I hope this helps and would be interested to know what breed you decided on.


----------



## jk47 (Dec 9, 2014)

I agree if the sow or gilt you buy gives that small of litters then I would mean somthing wrongs.
You could sell the extras as feeders


----------



## newbiefarmer2014 (Dec 9, 2014)

See I would be worried that I couldn't sale them. I think this is what I will have to do though and I am still looking at breeds. My neighbor has Duroc (I think that's the name) and he said he would sale to me.

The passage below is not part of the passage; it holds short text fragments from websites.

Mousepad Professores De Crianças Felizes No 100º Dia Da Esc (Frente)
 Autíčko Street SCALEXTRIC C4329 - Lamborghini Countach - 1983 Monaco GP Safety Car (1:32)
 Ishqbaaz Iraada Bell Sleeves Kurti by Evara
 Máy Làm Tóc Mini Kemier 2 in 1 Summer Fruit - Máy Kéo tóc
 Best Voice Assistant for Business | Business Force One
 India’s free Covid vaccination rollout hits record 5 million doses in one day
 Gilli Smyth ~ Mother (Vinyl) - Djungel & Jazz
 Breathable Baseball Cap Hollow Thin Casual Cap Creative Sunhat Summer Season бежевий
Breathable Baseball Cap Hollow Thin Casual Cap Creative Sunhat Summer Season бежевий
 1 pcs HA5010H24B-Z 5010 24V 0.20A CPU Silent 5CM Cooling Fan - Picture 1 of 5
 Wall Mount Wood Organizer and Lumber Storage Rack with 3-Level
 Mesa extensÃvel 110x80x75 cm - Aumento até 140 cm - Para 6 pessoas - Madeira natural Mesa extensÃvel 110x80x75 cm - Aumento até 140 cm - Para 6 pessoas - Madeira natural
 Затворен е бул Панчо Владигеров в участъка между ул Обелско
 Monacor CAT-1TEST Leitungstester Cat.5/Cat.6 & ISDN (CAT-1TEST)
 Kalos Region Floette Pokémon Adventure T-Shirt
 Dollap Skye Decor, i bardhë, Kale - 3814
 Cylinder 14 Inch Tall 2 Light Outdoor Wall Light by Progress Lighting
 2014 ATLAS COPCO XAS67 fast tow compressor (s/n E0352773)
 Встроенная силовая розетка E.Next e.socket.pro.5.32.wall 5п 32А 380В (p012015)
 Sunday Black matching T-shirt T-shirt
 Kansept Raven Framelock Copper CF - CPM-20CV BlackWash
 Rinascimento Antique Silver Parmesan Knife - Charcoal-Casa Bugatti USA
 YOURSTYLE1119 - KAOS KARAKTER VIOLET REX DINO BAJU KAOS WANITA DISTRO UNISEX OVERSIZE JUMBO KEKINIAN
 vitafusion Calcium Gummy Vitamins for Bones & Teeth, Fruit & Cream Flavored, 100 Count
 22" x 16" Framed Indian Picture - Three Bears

But I'm still thinking.


----------



## jk47 (Dec 9, 2014)

Duroc would be a decent choice and would you be using AI or buying a boar because you could check out what people are showing at fairs 
And breed show pigs those always fetch a good price in my area even checking out feeder pig auction well help you see what people in your area want as a meat pig


----------



## M.L. McKnight (Dec 9, 2014)

I have zero trouble selling my pigs, I could have litter sizes of 100 and still not have enough! People are always going to eat pork and they fit nicely in your own freezer too.

Durocs actually make decent mommas, I'd suggest that you cross it with a Chester White or a Landrace. That would make some tremendous gilts and would sell pretty well.


----------



## Baymule (Dec 9, 2014)

Why don't you just buy a couple of feeder pigs from your neighbor and raise them for your first experience. That would give you time to research the breeds and make a better decision on what you want.

http://www.livestockconservancy.org/

http://www.ansi.okstate.edu/breeds/swine/


----------